# Can an invertible matrix have an eigenvalue equal to 0?

Algebra

No.

A matrix is nonsingular (i.e. invertible) iff its determinant is **nonzero**.

To prove this, we note that to solve the eigenvalue equation

##Avecv = lambdavecv##,

we have that

##lambdavecv – Avecv = vec0##

##=> (lambdaI – A)vecv = vec0##

and hence, for a nontrivial solution,

##|lambdaI – A| = 0##.

Let ##A## be an ##NxxN## matrix. If we did have ##lambda = 0##, then:

##|0*I – A| = 0##

##|-A| = 0##

##=> (-1)^n|A| = 0##

Note that a matrix inverse can be defined as:

##A^(-1) = 1/|A| adj(A)##,

where ##|A|## is the determinant of ##A## and ##adj(A)## is the classical adjoint, or the adjugate, of ##A## (the transpose of the cofactor matrix).
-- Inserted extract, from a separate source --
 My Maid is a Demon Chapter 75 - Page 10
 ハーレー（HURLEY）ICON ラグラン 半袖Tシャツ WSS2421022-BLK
Clearly, ##(-1)^(n) ne 0##. Thus, the evaluation of the above yields ##0## iff ##|A| = 0##, which would invalidate the expression for evaluating the inverse, since ##1/0## is undefined.

So, if the determinant of ##A## is ##0##, which is the consequence of setting ##lambda = 0## to solve an eigenvalue problem, then the matrix is **not** invertible.